Karlı Bir Gece Vakti Bir Dostu Uyandırmak
……………………
Keşke yağmuru çağıracak kadar güzel olmasaydım
Ölüm ve acılar çatsaydı beni
Düşüncem yapma çiçekler kadar gösterişli ve parlak
Sözlerim ihanete varacak doğrulukta olsaydı.

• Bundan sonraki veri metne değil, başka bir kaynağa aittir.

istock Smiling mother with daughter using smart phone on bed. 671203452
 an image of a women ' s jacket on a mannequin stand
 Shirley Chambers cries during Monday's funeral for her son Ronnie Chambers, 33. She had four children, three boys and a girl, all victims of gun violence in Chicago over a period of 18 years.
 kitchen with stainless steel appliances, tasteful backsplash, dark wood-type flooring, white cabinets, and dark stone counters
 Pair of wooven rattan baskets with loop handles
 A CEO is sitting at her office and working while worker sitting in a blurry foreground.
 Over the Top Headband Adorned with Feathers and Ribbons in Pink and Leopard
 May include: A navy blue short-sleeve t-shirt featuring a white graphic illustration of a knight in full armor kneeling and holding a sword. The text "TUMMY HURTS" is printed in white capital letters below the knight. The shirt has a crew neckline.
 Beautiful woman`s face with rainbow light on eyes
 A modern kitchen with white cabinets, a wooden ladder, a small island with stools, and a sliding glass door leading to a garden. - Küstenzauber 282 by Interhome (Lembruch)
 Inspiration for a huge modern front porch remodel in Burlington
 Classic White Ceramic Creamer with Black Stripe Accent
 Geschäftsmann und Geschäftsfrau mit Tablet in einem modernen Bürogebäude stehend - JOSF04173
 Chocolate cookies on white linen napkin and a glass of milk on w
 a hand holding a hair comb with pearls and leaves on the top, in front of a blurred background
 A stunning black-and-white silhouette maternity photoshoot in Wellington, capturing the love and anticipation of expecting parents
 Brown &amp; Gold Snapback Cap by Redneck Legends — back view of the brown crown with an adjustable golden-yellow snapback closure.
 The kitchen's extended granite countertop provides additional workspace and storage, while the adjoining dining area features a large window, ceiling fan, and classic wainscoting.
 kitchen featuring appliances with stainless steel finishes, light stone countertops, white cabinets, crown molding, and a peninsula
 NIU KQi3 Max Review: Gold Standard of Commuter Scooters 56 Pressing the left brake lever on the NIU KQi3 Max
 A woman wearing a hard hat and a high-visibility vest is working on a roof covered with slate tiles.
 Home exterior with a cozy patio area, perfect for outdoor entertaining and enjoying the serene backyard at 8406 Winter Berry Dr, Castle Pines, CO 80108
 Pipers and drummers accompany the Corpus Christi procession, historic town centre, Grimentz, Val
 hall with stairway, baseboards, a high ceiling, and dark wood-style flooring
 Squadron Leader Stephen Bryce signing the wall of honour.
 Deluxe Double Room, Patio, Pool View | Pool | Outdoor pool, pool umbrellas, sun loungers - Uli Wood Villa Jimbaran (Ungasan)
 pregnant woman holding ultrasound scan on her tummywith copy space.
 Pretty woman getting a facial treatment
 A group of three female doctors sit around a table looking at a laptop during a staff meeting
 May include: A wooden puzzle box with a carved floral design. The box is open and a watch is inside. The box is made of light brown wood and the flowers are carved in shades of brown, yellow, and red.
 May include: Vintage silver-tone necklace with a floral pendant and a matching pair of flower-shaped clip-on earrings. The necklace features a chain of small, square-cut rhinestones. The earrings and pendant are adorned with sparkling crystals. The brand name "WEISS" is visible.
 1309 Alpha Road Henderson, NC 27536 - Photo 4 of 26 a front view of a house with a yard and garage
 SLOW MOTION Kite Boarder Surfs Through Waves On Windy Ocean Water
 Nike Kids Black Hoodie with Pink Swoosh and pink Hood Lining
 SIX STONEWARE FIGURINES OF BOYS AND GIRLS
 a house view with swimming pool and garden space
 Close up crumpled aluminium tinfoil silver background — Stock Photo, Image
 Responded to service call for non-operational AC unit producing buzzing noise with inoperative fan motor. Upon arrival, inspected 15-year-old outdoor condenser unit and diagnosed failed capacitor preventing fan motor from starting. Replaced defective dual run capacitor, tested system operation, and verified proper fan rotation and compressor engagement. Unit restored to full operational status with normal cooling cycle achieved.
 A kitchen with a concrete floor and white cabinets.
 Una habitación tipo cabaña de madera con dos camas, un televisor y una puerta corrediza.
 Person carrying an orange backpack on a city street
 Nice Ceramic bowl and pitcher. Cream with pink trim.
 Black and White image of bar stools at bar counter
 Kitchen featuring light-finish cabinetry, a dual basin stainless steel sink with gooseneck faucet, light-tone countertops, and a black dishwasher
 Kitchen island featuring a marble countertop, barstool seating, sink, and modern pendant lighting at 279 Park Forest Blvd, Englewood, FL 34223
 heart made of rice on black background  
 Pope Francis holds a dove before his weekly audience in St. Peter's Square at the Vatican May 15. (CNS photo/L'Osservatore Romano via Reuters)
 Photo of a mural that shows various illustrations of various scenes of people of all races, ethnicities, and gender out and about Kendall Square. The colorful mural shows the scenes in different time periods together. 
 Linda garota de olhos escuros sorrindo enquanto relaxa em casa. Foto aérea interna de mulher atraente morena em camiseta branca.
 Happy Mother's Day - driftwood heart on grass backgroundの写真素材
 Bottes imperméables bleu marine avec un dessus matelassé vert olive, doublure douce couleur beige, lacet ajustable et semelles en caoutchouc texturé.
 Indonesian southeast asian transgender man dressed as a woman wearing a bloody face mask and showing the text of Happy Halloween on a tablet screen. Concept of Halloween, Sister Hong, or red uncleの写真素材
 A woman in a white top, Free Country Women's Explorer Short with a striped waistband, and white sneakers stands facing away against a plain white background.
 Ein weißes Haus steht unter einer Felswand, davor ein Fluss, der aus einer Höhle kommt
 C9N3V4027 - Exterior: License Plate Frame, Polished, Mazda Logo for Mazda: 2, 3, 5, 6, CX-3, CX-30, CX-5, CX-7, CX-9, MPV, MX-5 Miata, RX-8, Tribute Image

Anmaya gücüm yetseydi de konuşsaydım
Diri-gergin kasları konuşsaydım
“Kardeşler! ” deseydim “Kardeşlerim! ”
“Bakın yaklaşıyor yaklaşmakta olan
“Bakın yaklaşıyor yaklaşmakta olan
“Bakın yaklaşıyor…”
Yazık, şairler kadar cesur değilim
Çocukların üşüdükleri anlaşılıyor bütün yaşadıklarımdan
Gövdem kuduz yarasalarla birazcık yatışıyor.
İsmet Özel
Zamanım doluyor, oyunun sonuna geldik. Belki de az sonra ebeleneceğim. ‘Game Over’ denilecek. İşte o zaman eyvah diyeceğim. Eyvah! Zırhım karşılığında aldığım bu bilyeler, ötede taşıyacağım odunlar olmuş.